Segment Start: Input

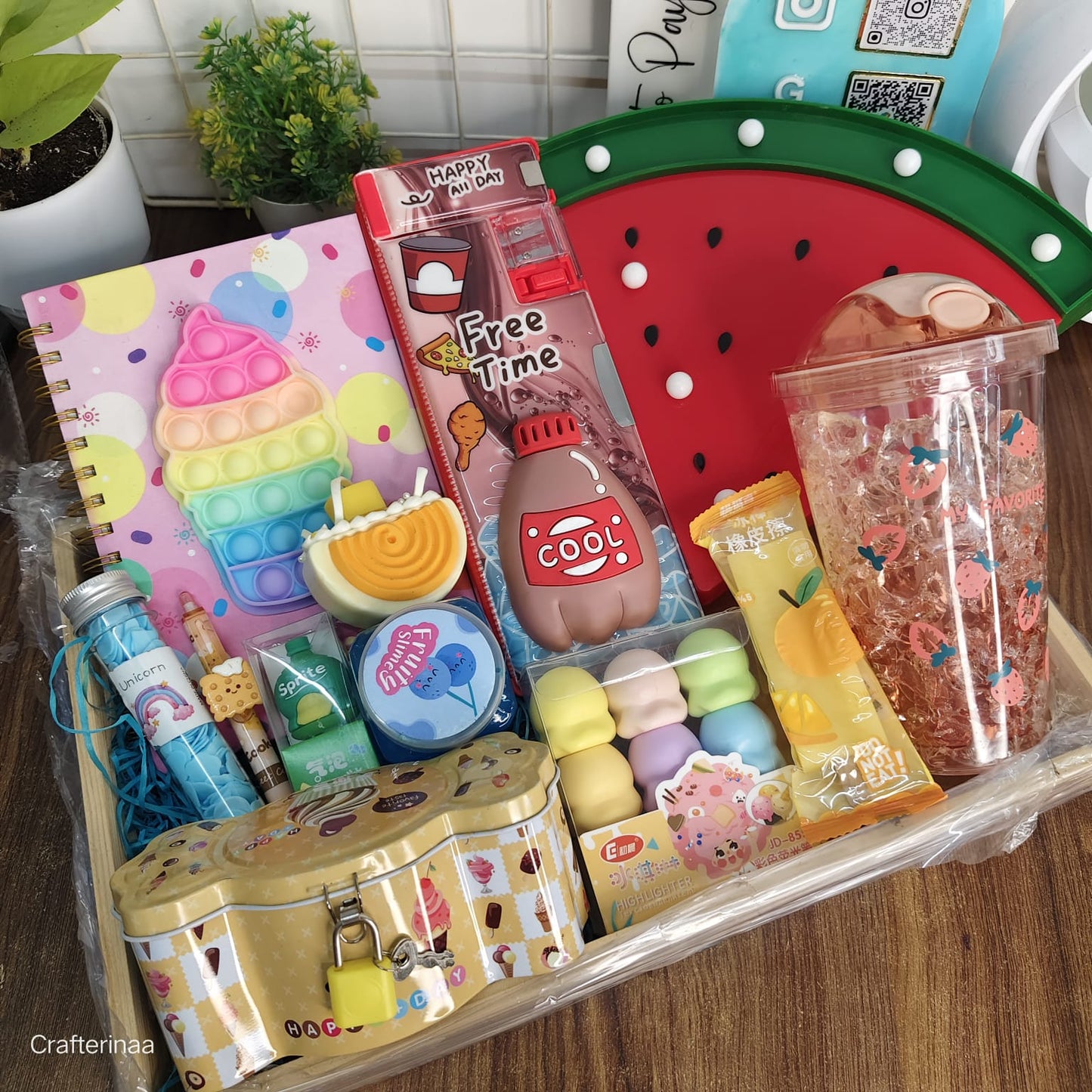 Premium Fruity Fun Stationery & Gift Hamper for Girls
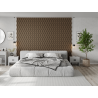 Mexen Lam-SF 01 lamele ścienne akustyczne 280 x 30 cm, filc 9 mm, fornir techniczny, Ciemny Orzech - S106-280-01-044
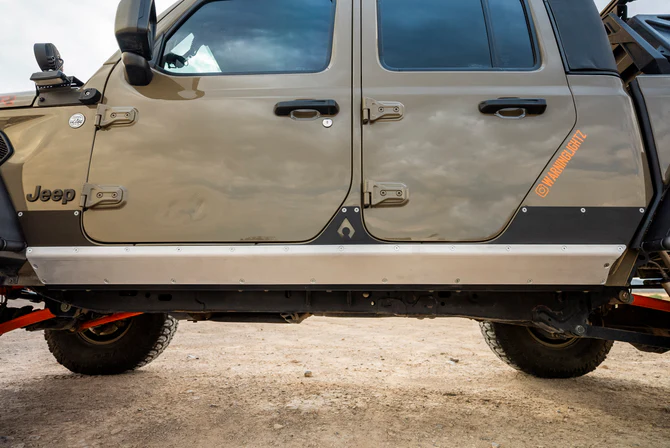 Artec Industries JT Boatside Steel & Aluminum Rocker Armour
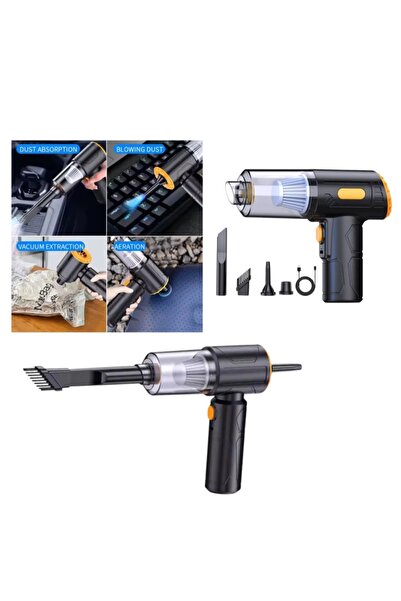 Flippy 3-in-1 cordless portable vacuum cleaner, pistol model, Compact 32x15 c...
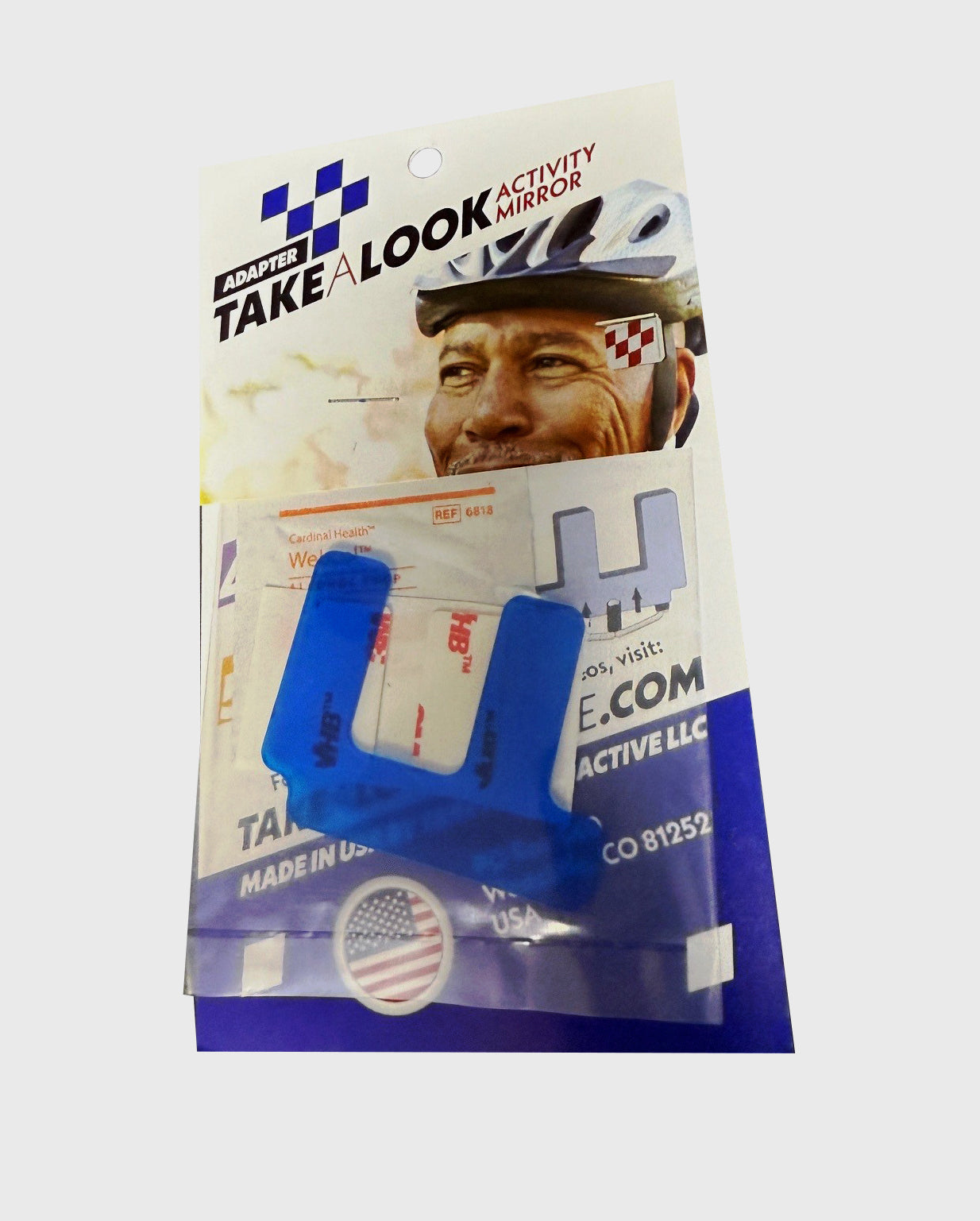 Take A Look Bicycle Helmet Mirror Adapter Bike Mirror Adaptor Bracket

Segment End: Input

Begin at the line with "Flippy 3-in-1 cordless" and retype exactly every line through the last one of the entries above, both included, and nothing more; pictures stay out.

■ **Your response**:
 Flippy 3-in-1 cordless portable vacuum cleaner, pistol model, Compact 32x15 c...
 Take A Look Bicycle Helmet Mirror Adapter Bike Mirror Adaptor Bracket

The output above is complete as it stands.